HABER MERKEZİ- Geçtiğimiz günlerde daha önce Şanidar Mağarasında bulunan Neandertal kadın kemiklerinin bugün yaşasaydı yüzünün nasıl gözükeceği bilim insanları tarafından canlandırılmış ve bu oldukça gündem olmuştu.
Bugün ki “Kurdistan’da Tarihi Eseler” bölümümüzde Neandertal kadın kemiklerinin bulunduğu Şanidar Mağarasını ele almak istedik. Okuyacağınız yazı Şehit Kasım Engin’in Tarih Şimdidir kitabından alıntılanmıştır.
“Neanderthal insanı ile Homo Sapiens türünün 60 bin yıl kadar önce bu topraklarda yan yana yaşadıklarının ve insanın Homo Sapiens türüne evrilmesinin en güçlü ipuçları Şanidar’da ortaya çıkmıştır. Homo Sapiens türünün yarattığı ilk kültür örneklerinden kabul edilen Orta Paleolitik dönemin Musteriyen kültür örneklerine ait bulgulara Şanidar’da 52 bin yıl öncesine ait olarak rastlanmıştır. S. Teber’in ifadesiyle, “Homo Sapienslere geçişin izlerini ve örneklerini sergilemede özellikle Şanidar mağarası en öğretici verileri sağlamıştır. (Uygarlığın Doğuşunda Kültür ve Kürtler-Mehmet Sait Yıldırım)

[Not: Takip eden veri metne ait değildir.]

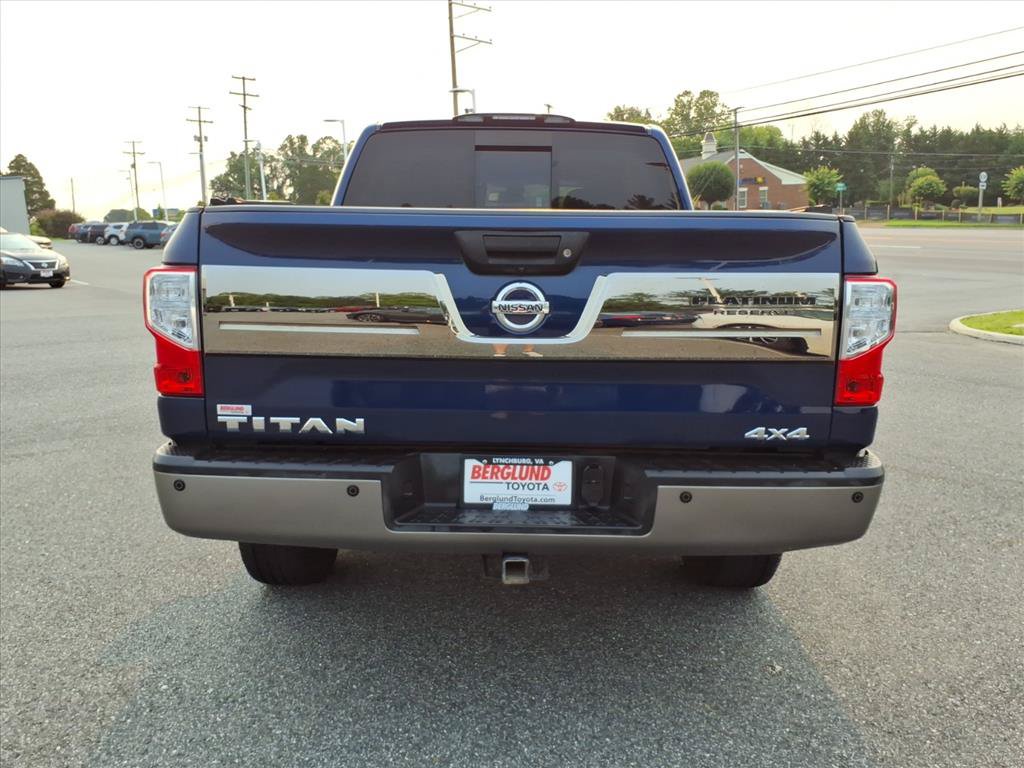 Used 2019 Nissan Titan Platinum Reserve AWD/4WD image 11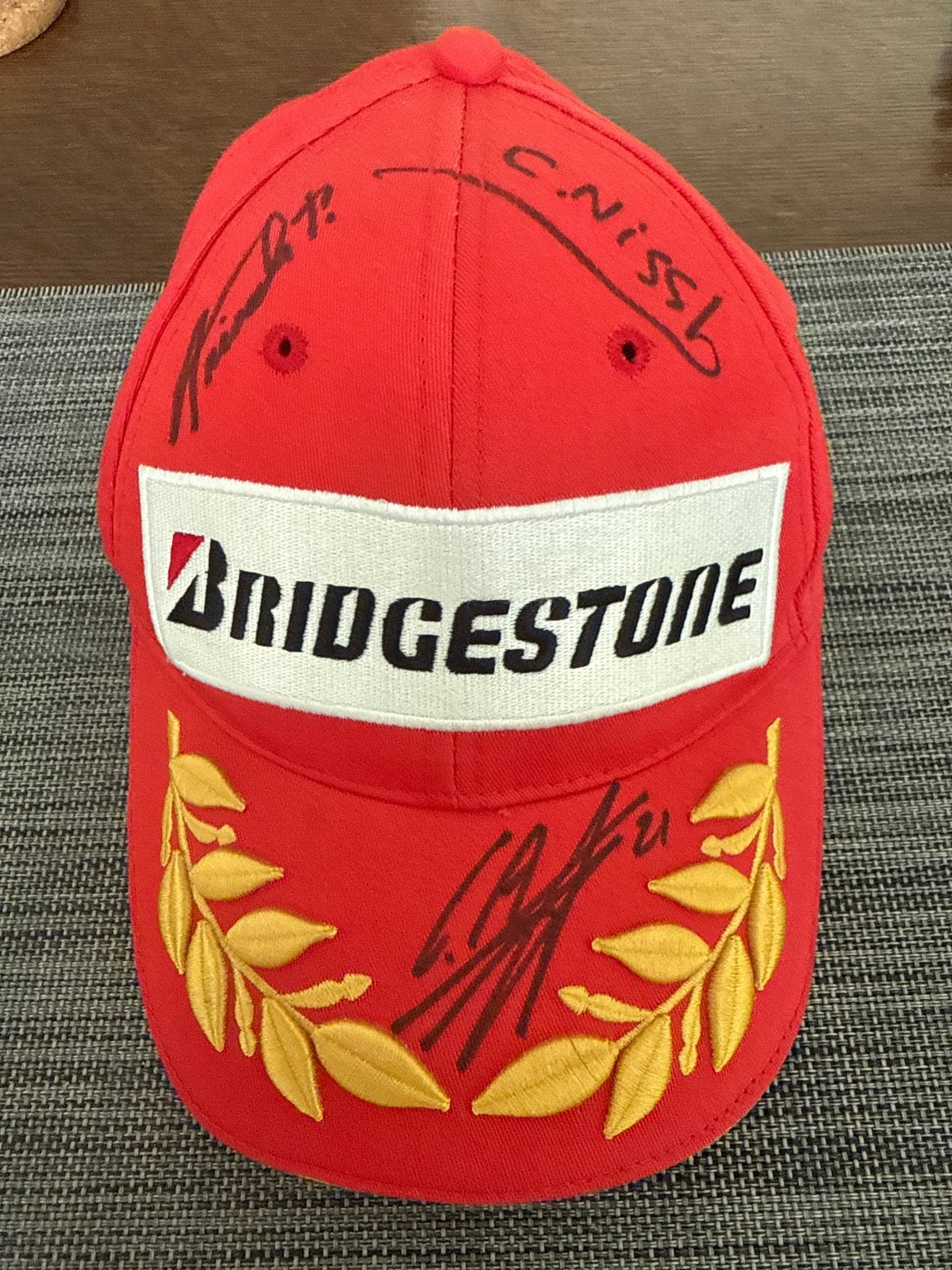 Bridgestone podium Porsche toerwagen Pet met handtekeningen, Ophalen of Verzenden, Zo goed als nieuw, One size fits all, Pet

Başka önemli bir kalıntı ya da bulgu ise Süleymaniye yakınlarında bulunan Hazarmert Mağarası’dır. Tarihi 40 bin yıl öncesine endeksleniyor. Yine önemli başka bir tarihi kalıntı ise -25 bin yıl öncesine endekslenen-Kerkük civarlarında bulunan Zerzi Mağarası’dır. Kürdistan dışında mağara yaşamı başka coğrafyalarda da görülmektedir. Örneğin Lübnan bunlardan sadece bir tanesidir.
1 milyon yıl içerisinde insanların Altın Hilal’de yoğunlaşmaları yaşanırken, 20 bin yıllarında son Buzul Çağı’nın sona ermesi yaşanacaktır. Havaların ısınması sonucu iklim ve bitki örtüsünün yaşama uygun hale gelmesiyle birlikte yeni gelişmeler yaşanmaya başlar. Altın Hilal’in hem bitki zenginliği, hayvan bolluğu, mevsimlerin uygunluğu, su kaynaklarının bolluğu, toprağın müsaitliği bu gelişmeyi hızlandıracaktır. Daha sonra tarihe Doğal Toplum olarak geçecek bu tarihi süreç, esasta giderek Neolitiğe evirilecektir.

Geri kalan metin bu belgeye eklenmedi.